Spatial audio promises immersive virtual experiences that engage more of the senses
Virtual reality’s goal is to fully immerse a person in a digital landscape, triggering the same kinds of physical and psychological reactions they would experience in the real world. In virtual reality (VR) parlance, this is called “presence”—a mental state in which people recall VR experiences as if they had actually occurred. Computer graphics have improved dramatically in recent years, and advances in haptic, or touch, VR technology are beginning to allow users to feel sensations such as temperature, pressure and vibrations. For VR to really take hold of a person, however, a dynamic soundscape is essential.
One of the most significant developments in VR sound is “spatial audio,” which is designed to mimic the pitch, volume, reverberation level and other audio cues the brain would expect during a real-world experience. “With our hearing we can sense what happens in those directions around us where we cannot see, [such as] car tires screeching behind us, and react—jump out of the way—without the need for visual input,” says Kai Havukainen, senior product manager for audio at Nokia Technologies, which is developing spatial audio technology for some of the company’s devices.
Spatial audio allows VR programmers to create content whose sounds can come from any direction, says Tom Smurdon, audio design manager for Oculus VR, which is owned by Facebook. “There’s wind in the trees above your head, there’s the sound of water coming from a river at your feet and now there’s sound from somebody sitting right next to you, whispering in your ear,” he says. “Everybody is still learning how powerful spatial audio can be.”
“Spatial audio, in its most basic form, emulates how we perceive sound in the real world,” says Brian Yessian, chief creative officer and partner of sound design company Yessian Music. “If we are in a room and someone in front of me is speaking and I turn my head to the left, then my right ear is going to pick up more of the voice and my left ear will [hear] less,” he explains. “Or if something falls behind me, I know to look back because our audio senses pick up on the fact that it was actually behind me.” Spatial audio achieves that effect in VR using software algorithms that manipulate a program’s sound wave frequencies, creating audio levels that become louder or softer depending on the user’s distance from a virtual object. The sound also shifts from one headphone speaker to the other as the person moves their head from side to side or as the virtual objects move on their own.

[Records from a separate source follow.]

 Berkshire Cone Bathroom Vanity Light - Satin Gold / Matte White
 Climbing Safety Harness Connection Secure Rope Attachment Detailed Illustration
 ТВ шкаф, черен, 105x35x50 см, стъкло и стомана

Makers of VR headsets have begun to embrace immersive soundscapes as a way to improve the quality of the virtual experience. The new Nokia 8 smartphone, for example, includes OZO Audio software that uses the device’s multiple microphones to record video that has surround-sound qualities when heard through headphones. Spatial sound is also a major feature of the Microsoft’s new Windows Mixed Reality head-mounted displays, which go on sale later this month. Mixed reality is essentially a hybrid of VR and augmented reality that relies on cameras and other sensors to integrate digital objects into the real world or real objects to be embedded in a virtual world.
Microsoft already makes a mixed-reality headset with spatial audio called the HoloLens, but that device is targeted at software developers and corporate users. The HoloLens price also starts at $3,000, several times the cost of the consumer-targeted Mixed Reality headset. Microsoft has also made spatial audio part of Windows 10, which means any device running that version of the operating system will be able to play dynamic sound when headphones are used. The new Windows Mixed Reality and HoloLens headsets offer very different user experiences. The HoloLens has a transparent display that projects vivid holograms on top of real-world environments and is a fully self-contained computer that allows the user to move around without being restricted by cables. The new Mixed Reality headset plugs into a PC and has an opaque display similar to that of the Oculus Rift and HTC Vive.

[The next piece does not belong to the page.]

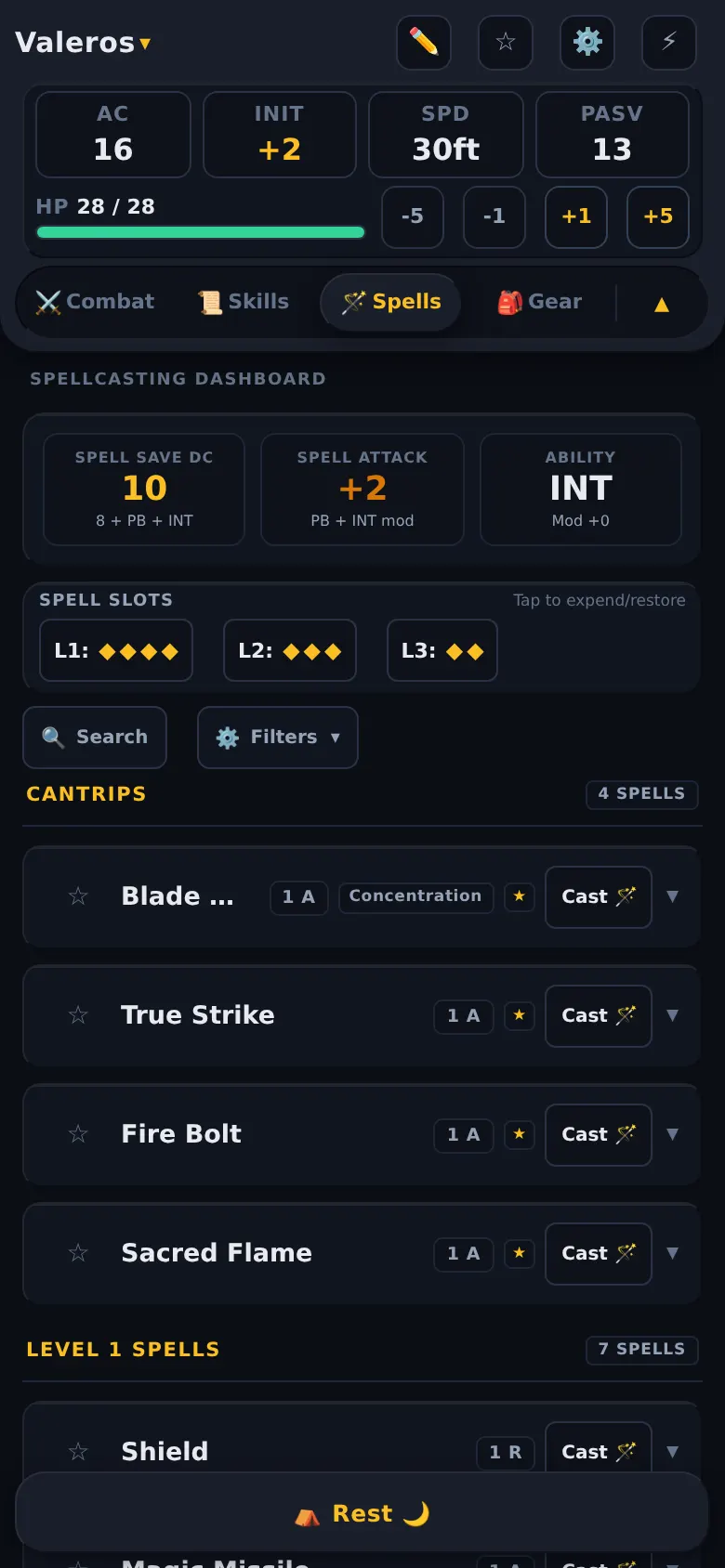 Spellcasting dashboard with spell slots and cantrips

Microsoft developed its spatial audio algorithms after studying different ear shapes and the way in which a person’s brain via the inner and outer ears locates the source of a sound in three dimensions. The goal was to better understand how they affect a person’s sound perception. “We’ve also done a lot of work in modeling how audio bounces and reverberates off the environment,” says Noel Cross, Microsoft principal software engineering lead, who has worked on both the HoloLens and the new Mixed Reality devices. “Different size rooms give you different levels of comfort as a human, and if things don’t match your expectations in terms of [what] they should sound like, you instinctively feel quite uncomfortable.”

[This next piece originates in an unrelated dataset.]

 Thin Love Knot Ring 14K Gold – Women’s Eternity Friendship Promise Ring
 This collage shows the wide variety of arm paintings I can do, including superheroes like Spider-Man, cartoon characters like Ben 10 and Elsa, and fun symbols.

Cross and his team took those lessons into account when designing the interface for Microsoft’s new consumer headset. Instead of presenting users with a start menu or screen when they don the device, they begin their experience in a virtual house located on a cliff by the sea, where they are then free to wander its three different floors. Users interact with that setting much the same way they would stare at pictures or TV screens in the rooms of a real house—and for that to make sense, Cross says the developers had to get the sound element just right. Oculus likewise has its users begin in the same location—sort of like a VR home page—each time they use the device.
The Sweet Spot
Earlier efforts at “3-D audio”—a precursor to spatial audio—were very limited in that they were designed for PCs in the 1990s, Cross says. The speakers were typically located on either side of the computer monitor, and the sound was immersive if the users sat in a “sweet-spot zone in the middle” and did not move, he says. “Even with headphones in earlier experiences, as you moved your head, the sounds wouldn’t stay locked in the context of the world but would stay fixed relative to your head,” Cross adds.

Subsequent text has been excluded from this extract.